The female ASD group also reported characteristics of eating disorders, as shown by the elevated scores on the subscale ‘Other behavior associated with disturbed eating’. They recognized themselves in items like: ‘I refuse to eat’, and ‘I induce vomiting after meals’. Given the medium effect size, it is important to take this heightened score seriously. Previous research shows consistent evidence that symptoms of ASD are significantly higher in an eating disorder population, compared to the general population (Westwood and Tchanturia 2017). Furthermore, there is evidence that the presence of elevated symptoms of ASD has a negative impact on outcome in individuals with an eating disorder (Nielsen et al. 2015; Huke et al. 2014; Westwood and Tchanturia 2017). This stresses the need to gain more insight in the underlying causes of eating disorders in women with ASD. The present study indicates that women with ASD, who were not (previously) diagnosed with an eating disorder, do experience symptoms of an eating disorder. A possible explanation may be that the experience of eating problems in girls with ASD leads to an increased vulnerability to develop (symptoms of) an eating disorder later in life. It is important that this is further addressed in future research.

Our female ASD group did not report symptoms of pica or motor control issues. There is evidence that pica is more prevalent in lower functioning and institutionalized adults with ASD (Råstam 2008), which may explain why the adults with ASD in our sample did not report this. With regard to motor control issues, previous research pointed out that women with ASD are less impaired in their fine motor skills than men with ASD (Mandy et al. 2012). This may explain why the women with ASD in our sample did not report problems with motor control while eating, while the men with ASD did recognize motor control issues.

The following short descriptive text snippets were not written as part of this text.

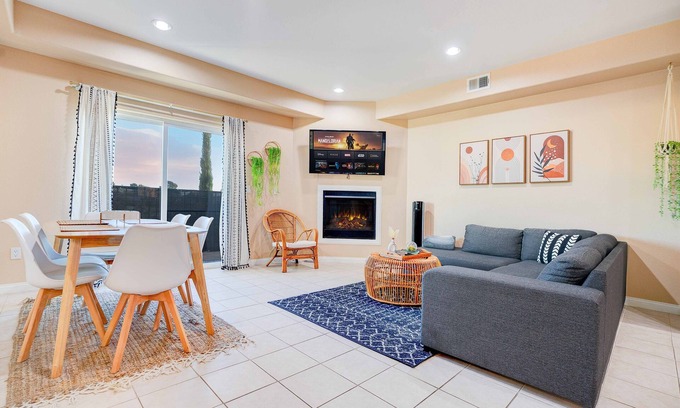 Lincoln Acres Casa | Boho 4Bedroom Family Townhome (10 min to SD Zoo)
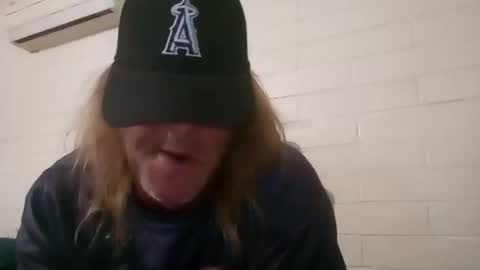 Hugh Pervert online show from 23, 9, 2025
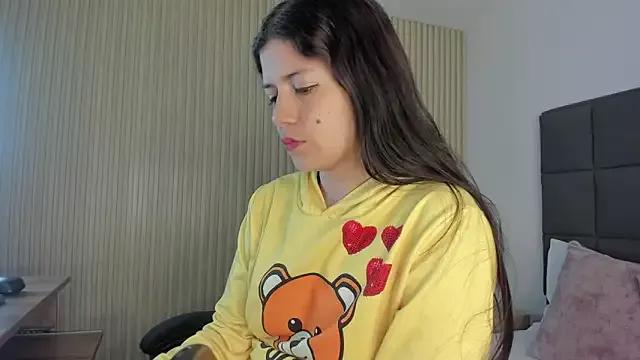 dragonnfly_ from StripChat is Freechat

We also compared eating problems between males and females with ASD. Somewhat in contrast to what we expected, we found differences on only three subscales. Apparently, gender differences in ASD symptoms do not result in large discrepancies in eating problems between men and women. We expected larger differences, since women with ASD were found to have increased sensory issues compared to men with ASD (Lai et al. 2015). This raises the question whether eating problems in adults with ASD are strongly related to sensory issues. A recent study demonstrated that aspects of repetitive and restricted behaviours may be more relevant than sensory processing difficulties in eating disturbances in high-functioning young girls with ASD (Bitsika and Sharpley 2018). Although this study focused on eating disorders in children, it would be of interest to further examine whether the influence of repetitive and restricted behaviours on the development does also account for eating problems in adults with ASD.

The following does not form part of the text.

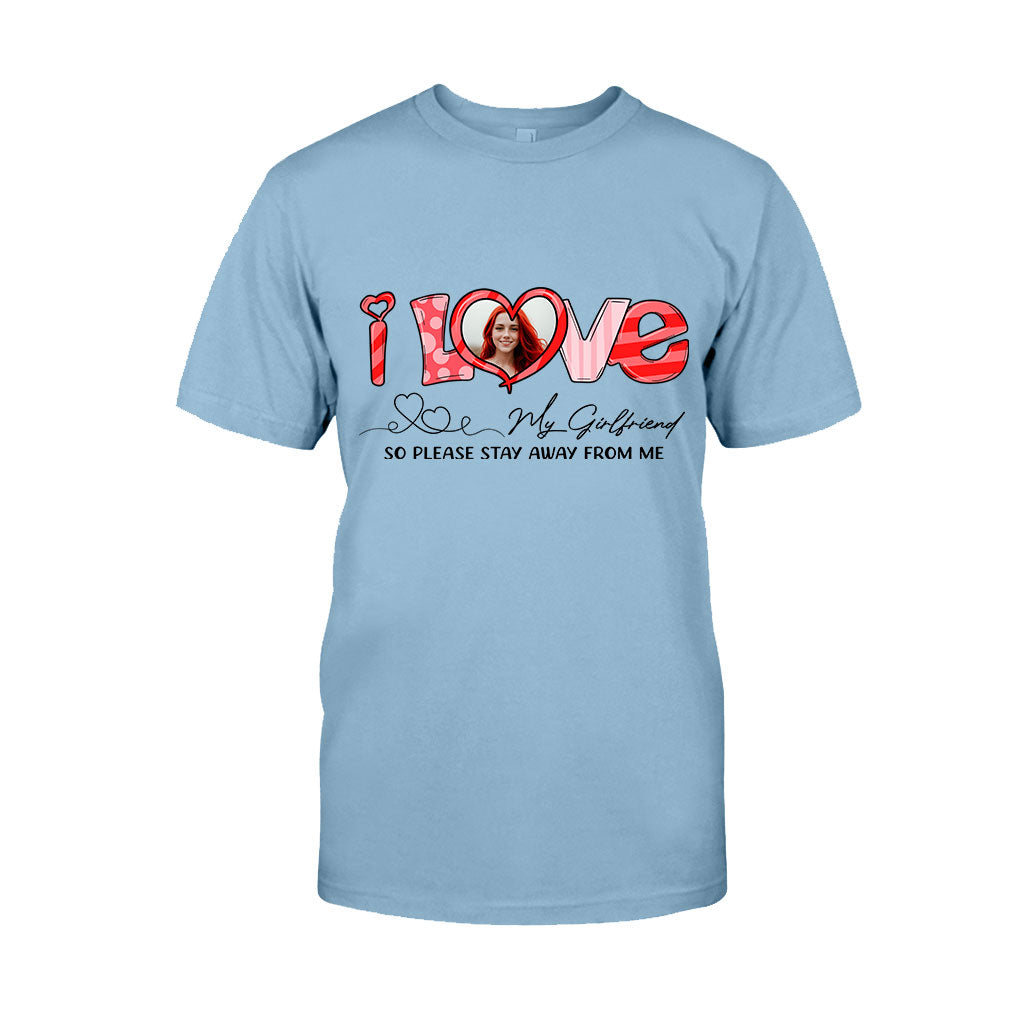 Ich liebe meine Freundin, meinen Freund, meinen Ehemann, meine Ehefrau – Personalisiertes T-Shirt und Hoodie für Paare mit individuellem Foto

Our study is the first to examine eating problems in high functioning men and women with ASD. Despite, there are several limitations that need to be mentioned. First, the present study was conducted with adults that have average to high cognitive abilities. Therefore, the results derived from this study cannot be generalized to ASD populations with below average (verbal) abilities. Second, the research was conducted in relatively small populations. To generalize results to a larger group, it is important that future studies will include more participants from different populations. Third, the individuals with ASD who received housing/residential support were not diagnosed using standardized instruments. Therefore, we cannot definitely rule out that some of the individuals with this kind of support did not have an autism spectrum disorder, but, for example, another neurodevelopmental disorder. This may have biased the results. For this reason, our findings of this specific group are less reliable. In future studies, this should be taken into account.

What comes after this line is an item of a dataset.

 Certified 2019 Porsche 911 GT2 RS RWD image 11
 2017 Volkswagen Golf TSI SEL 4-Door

Fourth, we did not inquire whether the participants were taking any kind of medication. Although it is questionable whether medication influences the specific eating problems we examined, we cannot rule this out. Future research is needed to further examine this.

Finally, we focused predominantly on eating problems and included only one subscale examining eating disorders. Therefore, we were not able to draw conclusions about the occurrence of eating disorders in high functioning men and women with ASD.